▶ **Task**: Reproduce the entries in full. Exclude all images from the copy.
(Supplied records Opens)
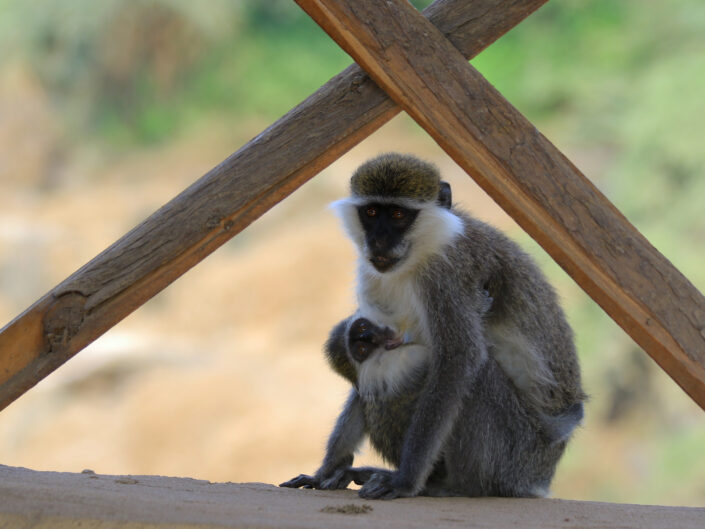 Grivet Monkey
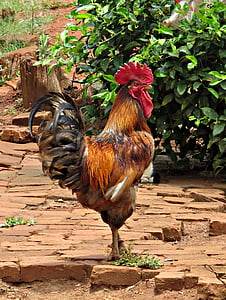 brown and black rooster thumbnail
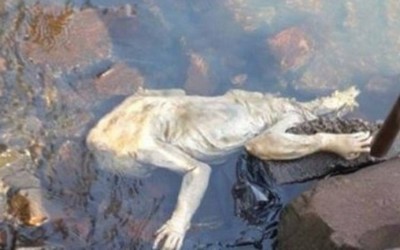 Paraguaios encontram criatura bizarra em rio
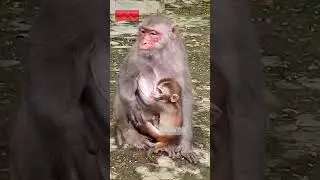 Mother Monkey ko food chahiye ❤🙏❤#monkey #animals #wildlife #shorts #youtubeshorts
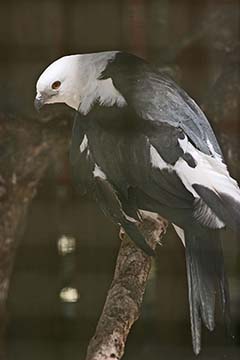 Swallow-tailed Kite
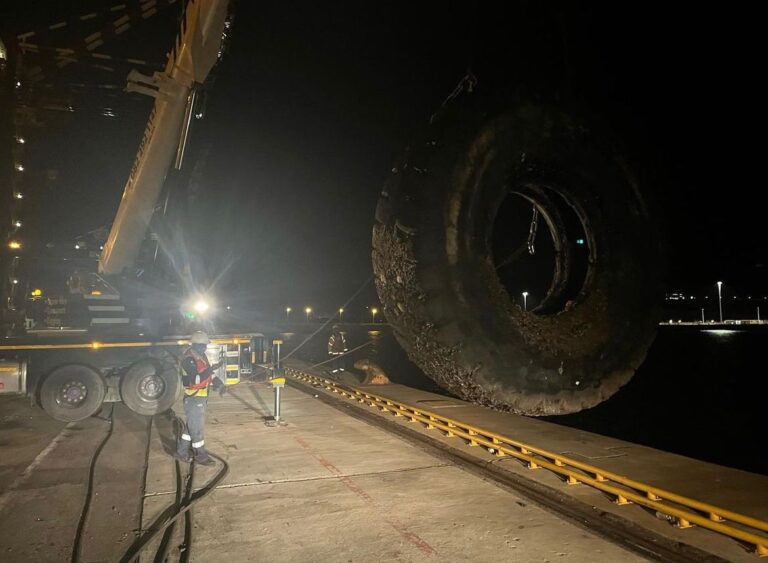 WhatsApp Image 2022 11 13 at 2.47.44 PM 768x563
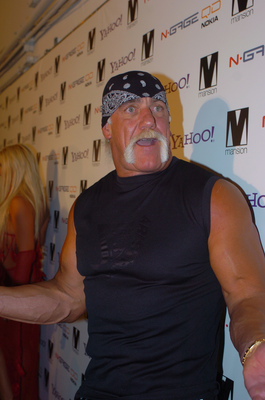 Hulk Hogan posters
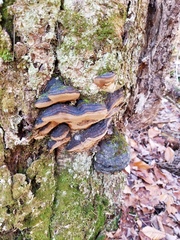 Phellinus lundellii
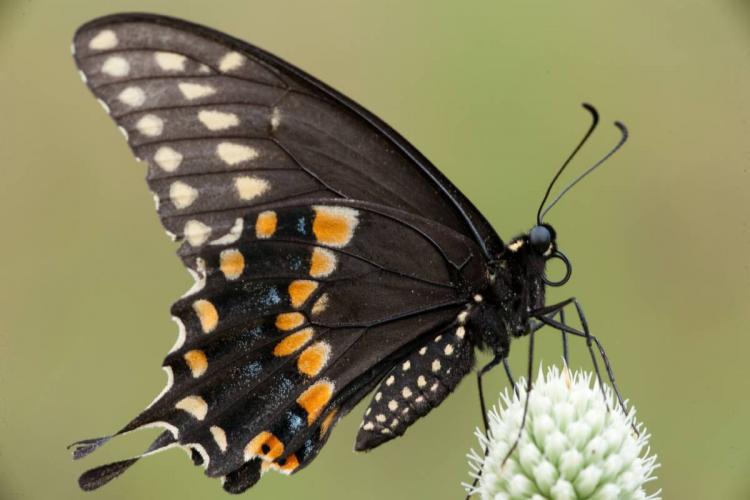 Black Swallowtail perched with wings closed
(Supplied records Closes)
▶ **Reply**:
 Grivet Monkey
 brown and black rooster thumbnail
 Paraguaios encontram criatura bizarra em rio
 Mother Monkey ko food chahiye ❤🙏❤#monkey #animals #wildlife #shorts #youtubeshorts
 Swallow-tailed Kite
 WhatsApp Image 2022 11 13 at 2.47.44 PM 768x563
 Hulk Hogan posters
 Phellinus lundellii
 Black Swallowtail perched with wings closed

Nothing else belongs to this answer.